25 janeiro 2007

Impostos, Estado e... Positivismo?!

O artigo “Impostos e imposturas”, escrito pela Profª Maria Sylvia Carvalho Franco e publicado na Folha de S. Paulo de 25.1.2007, a respeito da necessária expansão da carga tributária para financiar o recém-anunciado Programa de Aceleração do Crescimento (PAC) merece algumas reflexões. De fato, conforme argumenta a autora, parece fazer sentido que um “Estado forte” – isto é, no sentido em que a autora entende a expressão, um Estado autoritário – exige uma pesada tributação sobre a sociedade, bem como parece clara a preferência do Presidente Lula por um Estado grande, pesado e devidamente aparelhado, com base em critérios ideológicos.
Todavia, algo chamou-me a atenção: a referência ao Positivismo, que é estranha, em diversos sentidos.
Em primeiro lugar, a autora afirma que o Positivismo influenciou de maneira decisiva o aumento do poder Executivo no Brasil, citando uma carta que Pierre Laffitte enviou a Benjamin Constant nos alvores da República, orientando-o a manter presidencialista o Estado brasileiro e evitando a ação parlamentar. O estranho é que não há relação entre, por um lado, esse conselho de Laffitte e, por outro lado, o aumento do poder Executivo e autoritarismos no Brasil. Afinal, (1) o Positivismo foi um dos grandes defensores do federalismo radical que vigeu no país entre 1889 e 1930, além de pregar um Estado “enxuto” e (2) ao contrário dos grupos liberais, de inspiração estadunidense, e dos variados grupos católicos – e por vezes em oposição a esses grupos –, os positivistas bateram-se resolutamente pelas liberdades públicas e sociais: liberdades de pensamento, de expressão, de organização; separação entre Igreja e Estado; legislação social: direito de greve, direitos indígenas, previdência social etc.
Em segundo lugar, na Filosofia Política de Augusto Comte o que se contrapõe ao Estado – que deve, sim, ser forte – não é o parlamento, supostamente “casa de representação do povo”, mas a própria sociedade civil. Para contrapor-se a um Estado forte, é a própria sociedade civil que deve ser forte – e a garantia disso é que haja uma rigorosa e escrupulosa separação entre Igreja e Estado, de modo que a sociedade civil possa efetivamente exercer a crítica à atuação do Estado. Parece-me fora de discussão que não cabe falar em “autoritarismo” em um projeto sócio-político desse tipo.
Em terceiro lugar, em seus comentários subjaz a idéia de que “Estado forte” é sinônimo de “Estado autoritário”. Não é necessário despender muito tempo comentando como essa afirmação é, na melhor das hipóteses, simplesmente gratuita.

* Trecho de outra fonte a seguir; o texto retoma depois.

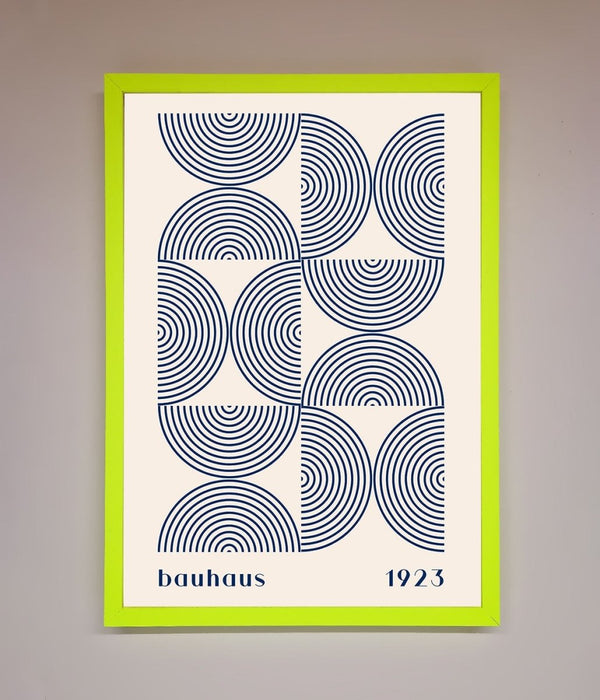 Bauhaus Print 1923 Navy Abstract Framed Poster - Hi Society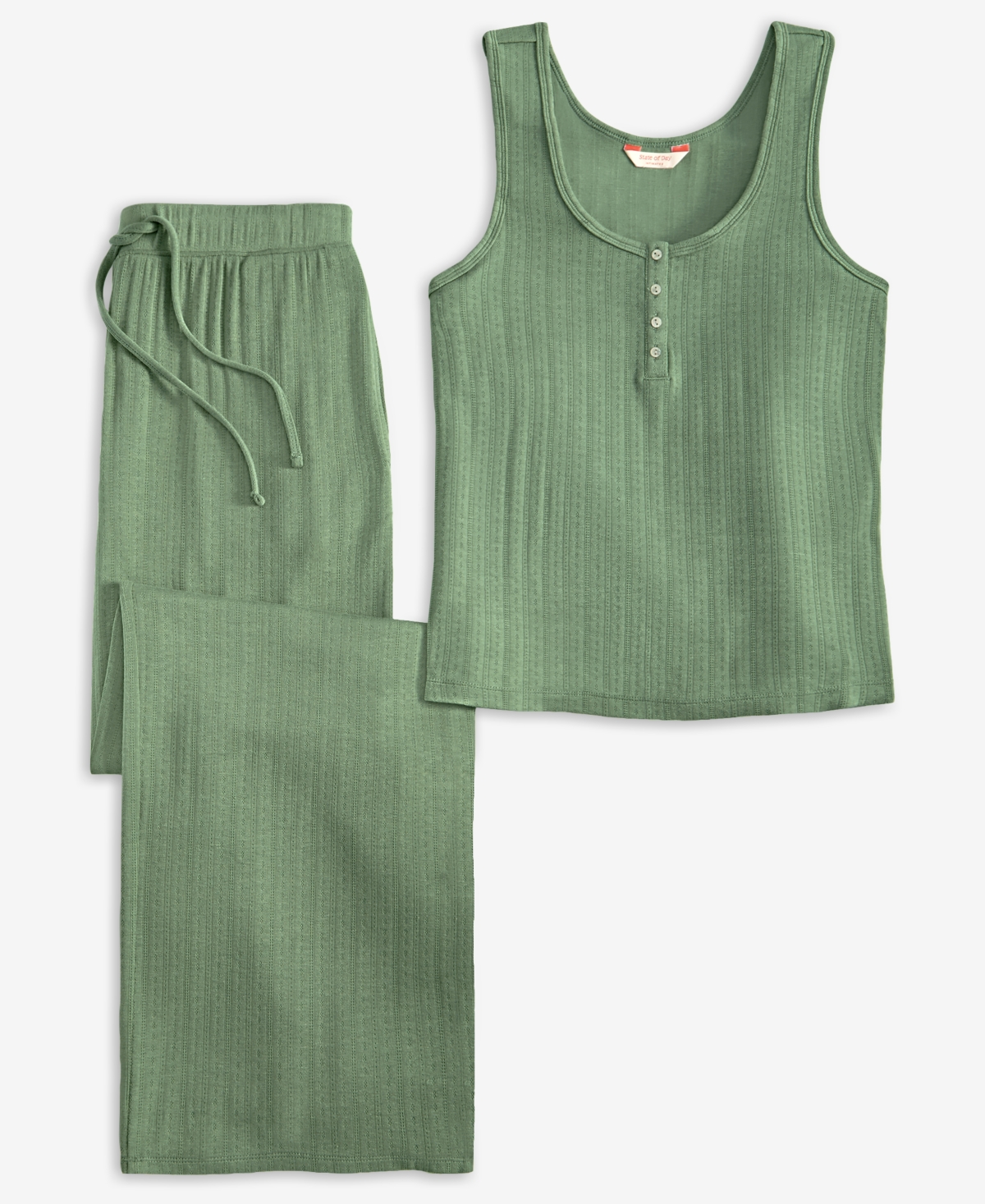 State Of Day Women's Pointelle Tank Pajama Set, Exclusively At Macy's In Glade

Em quarto lugar, subjaz igualmente em seus comentários o pressuposto de que a existência do parlamento é garantia das liberdades públicas. A “pesquisa histórica”, todavia, não aponta correlação positiva entre parlamento e liberdades públicas: parlamentos podem coexistir com a inocorrência das liberdades públicas, com a coibição dessas liberdades e, de maneira oposta ao seu comentário, podem também ser a fonte de profunda corrupção política, econômica e social. Sem me deter em exemplos históricos, basta pensar na atual situação do Congresso Nacional brasileiro: pode-se com seriedade falar que ele favorece as liberdades públicas? Afirmar que a atual degradação do parlamento nacional é devida ao Presidente Lula não muda nada a (falta de) responsabilidade do Congresso Nacional.
Em quinto e último lugar, simplesmente não é razoável referir-se ao Positivismo para criticar o Presidente Lula, o Partido dos Trabalhadores ou o recém-anunciado PAC: afinal, qual a relação entre aquele e estes? A resposta é simples e direta: nenhuma.
Assim, infelizmente, ansiosa em criticar nosso atual Presidente da República, a autora simplesmente repete os lugares-comuns e as distorções que as várias historiografias nacionais (liberal, católica e/ou marxista) difundiram sobre o Positivismo. Aliás, não por acaso, a autora vincula-se a correntes liberais e católicas.
No final das contas, é intelectual e politicamente desanimador constatar que uma “formadora de opinião”, querendo fazer uma crítica a políticas públicas, resolve "matar dois coelhos com uma cajadada" e baseia-se em mitos profundamente arbitrários para realizar essa crítica. Sinal da qualidade de nossos "formadores de opinião".